How to get published stagePhil: Yesterday evening, Candice and I wended our way to the Shakespeare Centre, next door to the Bard of Avon’s birthplace, for an event called “How to get published….or How we did it”. Along with around 30 other eager wannabee authors, we hoped to find the secret code or incantation that would take The Book from a file on our computers to the front window of Waterstones bookshops.

Hosted by Gareth Howard (CEO of authoright.com), there were a panel of real authors: SJ Watson, Rachel Joyce and Julia Crouch. All had been through the process of writing, submitting, editing and then watching their book get published and the idea was that they could describe this to us and we would learn the tricks of the trade.

Each writer started with a little of their background and then a very short reading from their book. After this the chairman asked a few questions to get the discussion going and then threw it open for the attendees to ask thier own.

Sadly, none of the panel seemed to have a big pile of rejection slips from agents or publishers, pretty disappointing as the owner of such a pile myself, but we did get an insight into the process once you are accepted.

There was a lot of talk about the mountain to be climbed before getting there. SJ had reduced his full time job in the NHS to part-time to free up writing space. A couple had been through a very demanding Faber course where they’d been told to cancel all extraneous appointments for 6 months. Basically, writing is hard work was the message. Julia wrote the main part of her novel during NaNoWriMo, which is a serious commitment in itself and the first time I’ve heard of anyone getting anything out of this.

Once you get there published of course, it’s fabulous. I loved Julia’s description of the joy of seeing the book in print. I have a feeling it’s like the first time I placed an article in a magazine (I haunted WH Smiths for days around the date it was due) but times 100.

Funnest moment though, had to be either the loud “Oooof” issued by one of the audience when Rachel mentioned she was a mother of 4, or SJ’s advice on the famous Artist’s and Writer’s Yearbook.

The story goes, he was on a writing course and the tutor asked how many people had bought a copy. All the hands went up.

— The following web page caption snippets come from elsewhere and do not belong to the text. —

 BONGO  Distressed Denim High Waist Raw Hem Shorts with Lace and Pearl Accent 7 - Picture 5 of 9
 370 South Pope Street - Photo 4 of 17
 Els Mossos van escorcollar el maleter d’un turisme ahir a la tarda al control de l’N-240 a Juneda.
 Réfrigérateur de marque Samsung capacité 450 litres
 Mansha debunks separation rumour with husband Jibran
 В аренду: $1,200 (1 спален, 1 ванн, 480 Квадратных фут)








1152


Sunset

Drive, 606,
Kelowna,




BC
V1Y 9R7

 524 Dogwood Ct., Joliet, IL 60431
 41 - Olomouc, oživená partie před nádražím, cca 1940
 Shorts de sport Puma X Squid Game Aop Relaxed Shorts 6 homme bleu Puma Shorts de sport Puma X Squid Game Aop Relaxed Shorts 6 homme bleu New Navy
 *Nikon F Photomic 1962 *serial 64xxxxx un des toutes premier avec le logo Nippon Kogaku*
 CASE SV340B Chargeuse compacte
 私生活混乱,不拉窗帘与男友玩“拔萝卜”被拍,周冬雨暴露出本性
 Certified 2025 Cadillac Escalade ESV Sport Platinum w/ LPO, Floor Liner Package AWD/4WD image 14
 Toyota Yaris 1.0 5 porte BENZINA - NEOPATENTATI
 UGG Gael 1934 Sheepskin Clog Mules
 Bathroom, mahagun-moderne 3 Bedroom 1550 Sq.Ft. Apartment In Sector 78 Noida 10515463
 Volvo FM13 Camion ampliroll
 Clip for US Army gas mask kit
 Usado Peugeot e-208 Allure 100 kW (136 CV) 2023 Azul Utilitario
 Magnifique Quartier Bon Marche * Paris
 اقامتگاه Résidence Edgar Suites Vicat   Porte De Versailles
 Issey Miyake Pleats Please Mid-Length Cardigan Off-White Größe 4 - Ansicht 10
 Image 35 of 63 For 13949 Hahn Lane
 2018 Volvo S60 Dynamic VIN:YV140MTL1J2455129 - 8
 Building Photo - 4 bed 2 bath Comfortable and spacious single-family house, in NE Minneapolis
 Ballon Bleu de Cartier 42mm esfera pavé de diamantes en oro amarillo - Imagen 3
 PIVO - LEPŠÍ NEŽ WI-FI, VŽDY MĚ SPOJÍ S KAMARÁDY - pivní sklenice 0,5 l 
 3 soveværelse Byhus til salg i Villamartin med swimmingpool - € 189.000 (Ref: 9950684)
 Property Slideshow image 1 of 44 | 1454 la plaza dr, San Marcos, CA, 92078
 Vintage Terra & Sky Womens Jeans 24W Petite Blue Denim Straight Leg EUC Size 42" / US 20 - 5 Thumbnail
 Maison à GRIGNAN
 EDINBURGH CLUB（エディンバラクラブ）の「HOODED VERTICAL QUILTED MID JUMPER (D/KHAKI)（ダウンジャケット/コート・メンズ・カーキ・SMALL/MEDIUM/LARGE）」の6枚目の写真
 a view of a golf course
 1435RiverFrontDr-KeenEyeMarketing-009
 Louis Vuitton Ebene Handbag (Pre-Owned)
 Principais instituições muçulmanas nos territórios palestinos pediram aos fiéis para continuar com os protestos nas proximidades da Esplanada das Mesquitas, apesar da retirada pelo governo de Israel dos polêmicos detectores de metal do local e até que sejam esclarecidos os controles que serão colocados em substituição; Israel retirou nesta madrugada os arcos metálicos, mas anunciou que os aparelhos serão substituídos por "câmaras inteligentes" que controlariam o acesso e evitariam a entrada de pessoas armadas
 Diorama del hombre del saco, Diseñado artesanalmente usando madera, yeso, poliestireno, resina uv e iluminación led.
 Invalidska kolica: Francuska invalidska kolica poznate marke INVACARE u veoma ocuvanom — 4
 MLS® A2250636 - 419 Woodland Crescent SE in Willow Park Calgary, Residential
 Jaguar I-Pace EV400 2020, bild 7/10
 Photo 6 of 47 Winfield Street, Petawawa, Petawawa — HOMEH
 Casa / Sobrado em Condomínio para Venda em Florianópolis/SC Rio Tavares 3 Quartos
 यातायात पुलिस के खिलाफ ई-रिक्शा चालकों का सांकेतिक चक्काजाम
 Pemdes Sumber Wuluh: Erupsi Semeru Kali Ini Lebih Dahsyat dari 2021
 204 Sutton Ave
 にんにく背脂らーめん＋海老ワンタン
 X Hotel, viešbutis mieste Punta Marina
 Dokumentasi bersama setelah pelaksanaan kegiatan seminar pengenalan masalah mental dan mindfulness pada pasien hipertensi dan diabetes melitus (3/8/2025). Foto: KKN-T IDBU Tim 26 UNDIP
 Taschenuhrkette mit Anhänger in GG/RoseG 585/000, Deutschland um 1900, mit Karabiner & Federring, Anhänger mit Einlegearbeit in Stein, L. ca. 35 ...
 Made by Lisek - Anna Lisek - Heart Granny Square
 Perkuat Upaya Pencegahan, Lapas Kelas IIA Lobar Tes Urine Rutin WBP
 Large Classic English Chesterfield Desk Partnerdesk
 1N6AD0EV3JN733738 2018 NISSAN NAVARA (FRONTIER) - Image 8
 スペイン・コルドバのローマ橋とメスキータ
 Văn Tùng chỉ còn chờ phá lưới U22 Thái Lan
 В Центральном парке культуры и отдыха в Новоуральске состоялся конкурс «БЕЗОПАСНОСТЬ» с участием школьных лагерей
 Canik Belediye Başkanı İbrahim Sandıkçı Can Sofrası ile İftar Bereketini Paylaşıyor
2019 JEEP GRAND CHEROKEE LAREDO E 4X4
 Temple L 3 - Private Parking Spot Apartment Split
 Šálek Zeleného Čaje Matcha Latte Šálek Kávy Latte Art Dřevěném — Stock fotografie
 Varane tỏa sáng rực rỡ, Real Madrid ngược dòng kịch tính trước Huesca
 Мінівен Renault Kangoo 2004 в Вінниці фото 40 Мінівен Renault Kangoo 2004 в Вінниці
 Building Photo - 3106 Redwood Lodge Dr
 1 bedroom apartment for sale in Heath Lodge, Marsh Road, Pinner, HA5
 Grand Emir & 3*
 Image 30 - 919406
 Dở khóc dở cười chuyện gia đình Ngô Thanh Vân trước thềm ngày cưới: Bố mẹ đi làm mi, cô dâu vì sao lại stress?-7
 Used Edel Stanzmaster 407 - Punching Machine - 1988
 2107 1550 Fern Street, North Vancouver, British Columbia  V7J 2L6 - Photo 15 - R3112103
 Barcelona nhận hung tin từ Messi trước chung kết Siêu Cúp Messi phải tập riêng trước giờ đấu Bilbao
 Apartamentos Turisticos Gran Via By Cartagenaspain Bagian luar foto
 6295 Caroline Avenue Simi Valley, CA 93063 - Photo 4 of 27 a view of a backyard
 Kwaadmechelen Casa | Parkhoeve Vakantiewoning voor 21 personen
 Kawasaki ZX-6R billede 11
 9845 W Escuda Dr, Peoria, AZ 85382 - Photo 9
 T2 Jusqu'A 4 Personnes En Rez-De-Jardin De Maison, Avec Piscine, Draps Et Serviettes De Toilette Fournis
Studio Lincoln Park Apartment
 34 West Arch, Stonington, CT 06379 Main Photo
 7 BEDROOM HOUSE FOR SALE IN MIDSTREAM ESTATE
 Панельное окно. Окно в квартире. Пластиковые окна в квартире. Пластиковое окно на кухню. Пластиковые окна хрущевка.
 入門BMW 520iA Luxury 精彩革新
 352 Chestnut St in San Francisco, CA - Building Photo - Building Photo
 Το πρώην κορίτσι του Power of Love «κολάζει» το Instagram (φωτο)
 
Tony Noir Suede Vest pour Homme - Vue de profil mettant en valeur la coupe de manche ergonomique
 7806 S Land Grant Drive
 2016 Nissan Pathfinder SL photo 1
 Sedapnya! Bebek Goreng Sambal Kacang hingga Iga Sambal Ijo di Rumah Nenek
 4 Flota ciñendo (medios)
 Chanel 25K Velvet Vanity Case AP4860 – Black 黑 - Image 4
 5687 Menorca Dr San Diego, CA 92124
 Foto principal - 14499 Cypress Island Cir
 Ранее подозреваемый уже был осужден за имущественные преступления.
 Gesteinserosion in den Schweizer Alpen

Then he asked, how many people still owned it. Half the hands went down.

To the rest, his advice was simple.

“Burn it. It’s full of dead people”

Not something the W&A marketing department would be entirely happy with but you can see his point. After all, you can just as easily look at the books on sale that you like, or your novel could happily sit alongside. Check out the agent details in the back and look them up on t’interweb. That’s 14 quid saved. Which allowing for the cost of entry, would go a long way to an after show drink.

Which is exactly what it did do. We sat and talked, the results of which we’ll be blogging in the near future. Watch this space – writing mojo has returned.